Sunday, October 27, 2019

Frank Tuttle's This Gun for Hire (1942)

The film scores through the breathless rhythm of a chase that takes us from a miserable shack  shrouded in fog and surrounded by the police to a sensational manhunt inside a gas plant.
-- Panorama of American Film Noir: 1941-1953, Raymond Borde and Etienne Chaumeton, translated by Paul Hammond (City Lights Books, 2002, from a 1955 French original).
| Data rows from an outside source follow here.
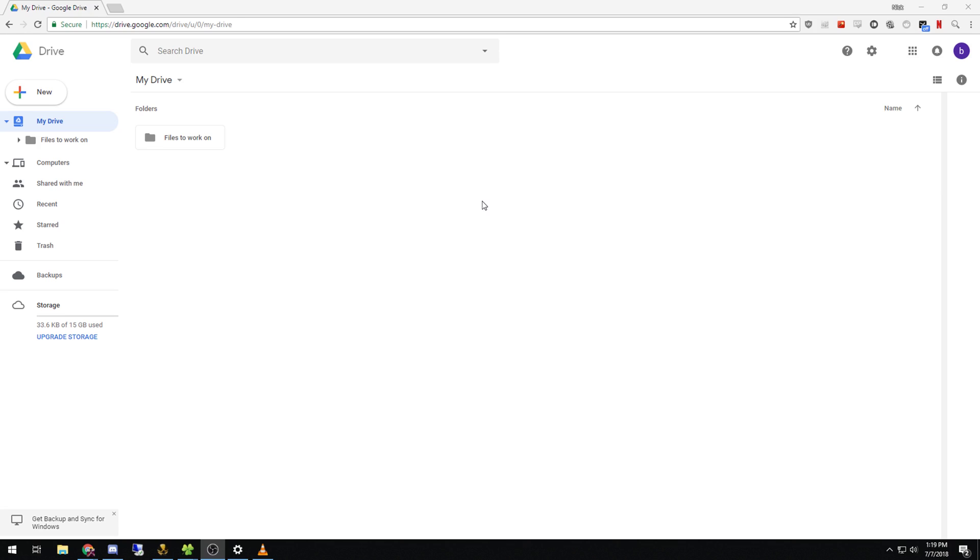First thing you're going to do is open up Chrome or whatever browser you are using. For this, I'm using Chrome. You're going to navigate to drive.google.com, also just Google Drive. Now you're at your homepage of Google Drive.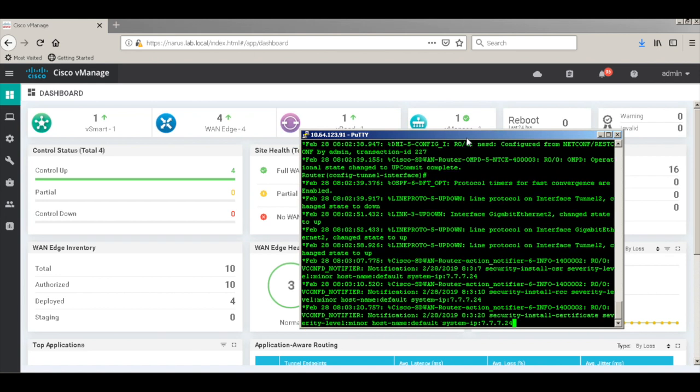Now once the edge contacts the controllers, there will be the template that will get pushed across to the device.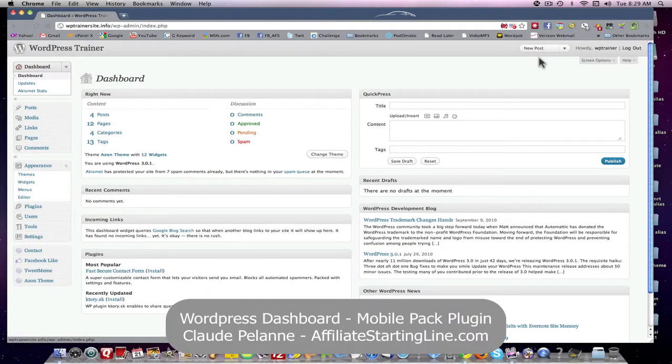Hey, Claude Pallon here, Affiliate Starting Line. Welcome. I'm gonna do another video about WordPress, and this time let's look for a plugin for mobile phones. In other words, we want to format our website so that people who want to access it with their mobile phones can actually have it formatted properly for the mobile phone.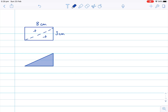We've still got this length here of three centimeters, and this length here would be eight centimeters. Now we know it's half a rectangle. Let me start by writing out the formula for the rectangle — the rectangle is the length multiplied by the width.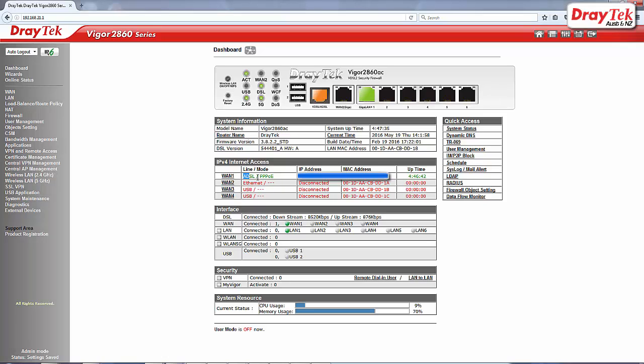Check if you are connected to the internet. As you can see, WAN1 is connected.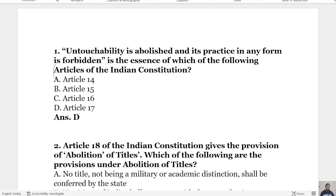Hello everyone, welcome to Law Learning School. We will discuss the important MCQs of the Constitution of India. We will start the MCQ series today and will discuss 20 important questions.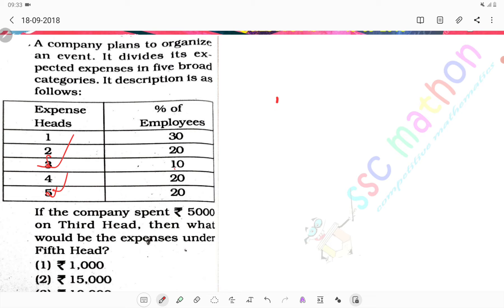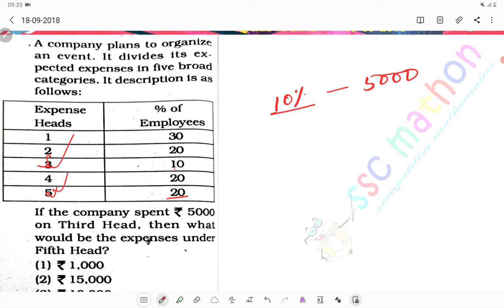Sir, third head matlab das percent. Das percent ka matlab 5000 rupaye. Ab sir, fifth head matlab - fifth head matlab 20 percent, matlab 10,000 rupaye.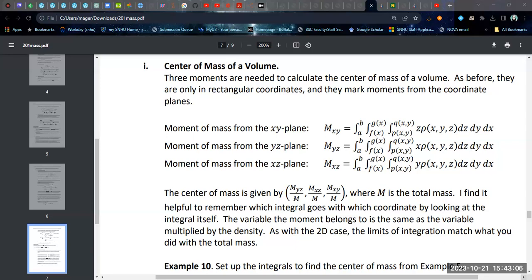The center of mass formulas that we need require three moments of mass because we have three coordinates. The moments of mass are defined in terms of their distance from a plane — one of the coordinate planes. It's the missing variable that defines that distance. So the moment of mass from the xy plane: if you imagine the xy plane, the z direction is perpendicular to that plane. This is actually the moment you need to calculate the z coordinate. The integral we need for that moment of mass from the xy plane is to multiply the density function by z.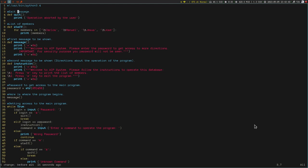Now, this is the main difference between changing words — or changing characters — versus deleting words. When we delete a word, for example with DW, Vim doesn't activate insert mode. But if you press CW, it does. So that's the main difference.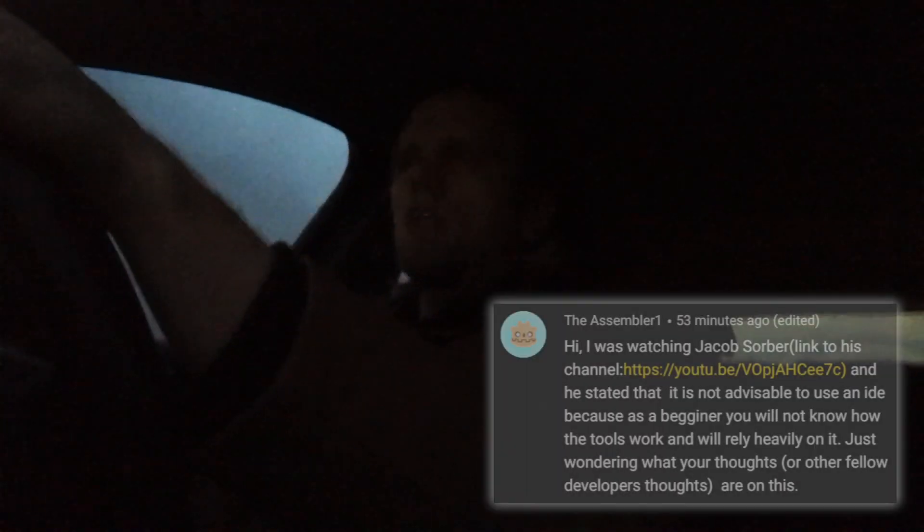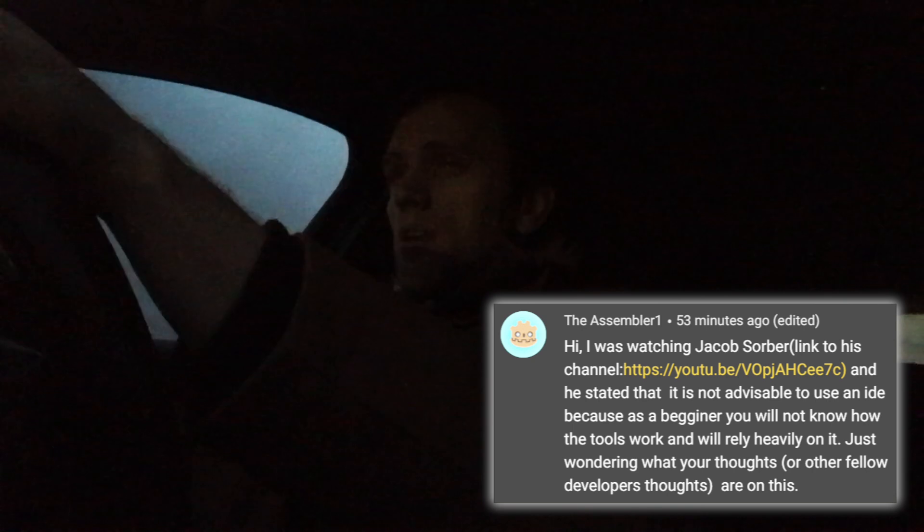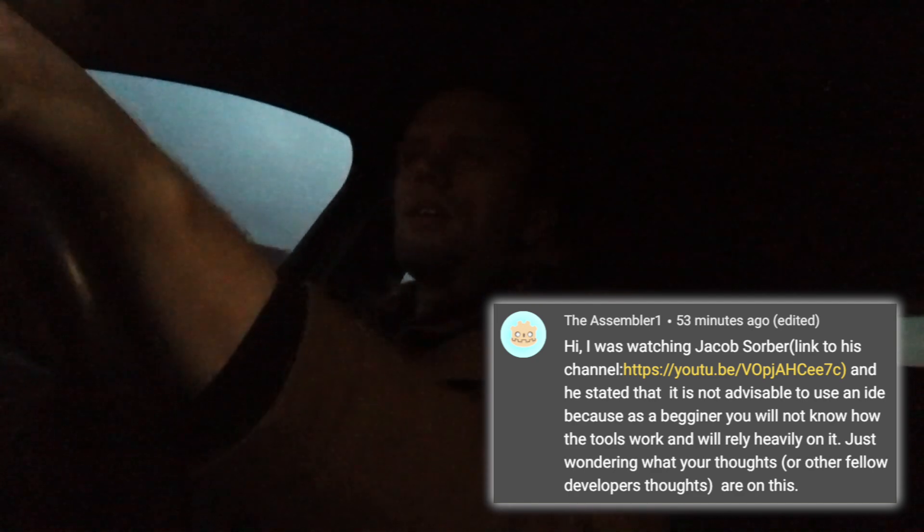Hello friends, welcome back to Commute Talk. We are sticking with the dark morning theme. Today, the Assembler One writes in saying that he's been watching Jacob Sorber, and Jacob Sorber says that beginners should not use IDEs when programming because then they don't learn how their tools work. What do I think about that? Thank you for the question, and thank you for introducing me to Jacob Sorber — seems like a good guy with good intentions.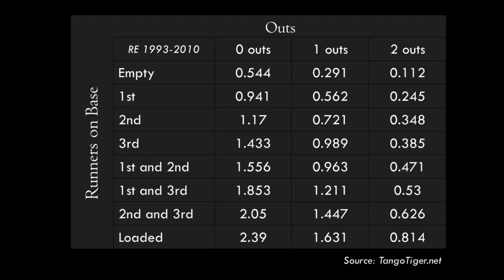Note the typical bunting situation on this chart. With a runner on first base and nobody out, an average of .941 runs will score in that inning. A sacrifice bunt moves the runner to second base with one out, meaning the team at that point will only score .721 runs on average. So this is one place we can see why bunting is discouraged. This is not some complicated mathematical formula — it is simply counting what has actually happened, and it's telling us that an out is almost always more valuable to your team than a runner moving up one base.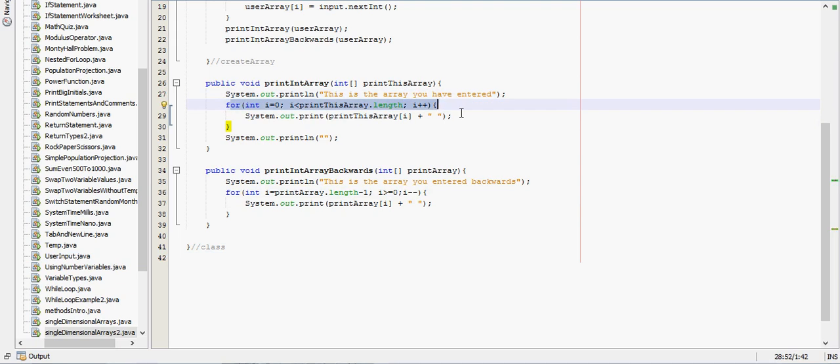So I hope this video helped you understand how to print arrays and how to let the user input some stuff. If you'd like to see any more examples or have something specific you'd like to see, please let me know and I'll try to do that for you. Otherwise, other than that, thank you for watching. I'll see you next time.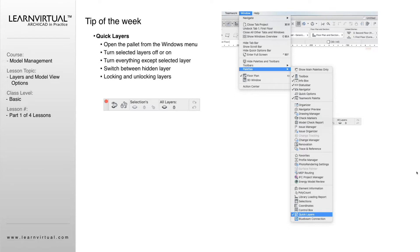Same with locking and unlocking layers. We can show just the layers we have selected and turn all other layers off, or we could turn all the layers that we have selected off and see everything except those layers.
Reading Jean-Pierre Melville:  An American in Paris, by Ginette Vincendeau (BFI, 2006) recently I read that Le Samourai, 1967,  was strongly influenced by This Gun for Hire, made from a Graham Greene novel in  1942.  Although I am not a particular fan of director Tuttle (except, perhaps, for A Cry in the Night, 1956) I now realize that Tuttle was enough of a craftsman (he directed his first film in 1922) to use intelligently the resources of Paramount Studios to create one of the earliest examples of film noir in This Gun for Hire:  the inspired casting of Veronica Lake and Alan Ladd, the black-and-white chiaroscuro of cinematographer John Seitz (who would do Billy Wilder's Double Indemnity in 1944), the skillful writing of screenwriters Albert Maltz and W.R. Burnett.

The disorienting plot follows the confusing narrative of the Greene novel fairly closely, though the Veronica Lake character changes from a chorus girl to a magician dressed as a dominatrix singing "I've  Got You Hooked" by Loesser and Press and acting as a spy for a U. S. Senator who suspects that Laird Cregar and the chemical company he works for are selling poison gas to the Japanese.  Lake hooks up with misanthropic hit man Alan Ladd, who was paid for a  job by Cregar in marked money and is seeking vengeance while being trailed by the cops -- one of whom is Lake's lover -- who know him by the burned wrist he received from his foster mother.  Ladd rescues Lake from Cregar, who tries to kill her, and Ladd eventually kills Cregar and Cregar's crooked boss and is killed himself by the cops.

In 1942 there was a great deal of anxiety about America's role in WW II,, but the American film industry quickly switched to more optimistic films than This Gun for Hire and the film noir only flourished later, in the era of postwar disillusionment.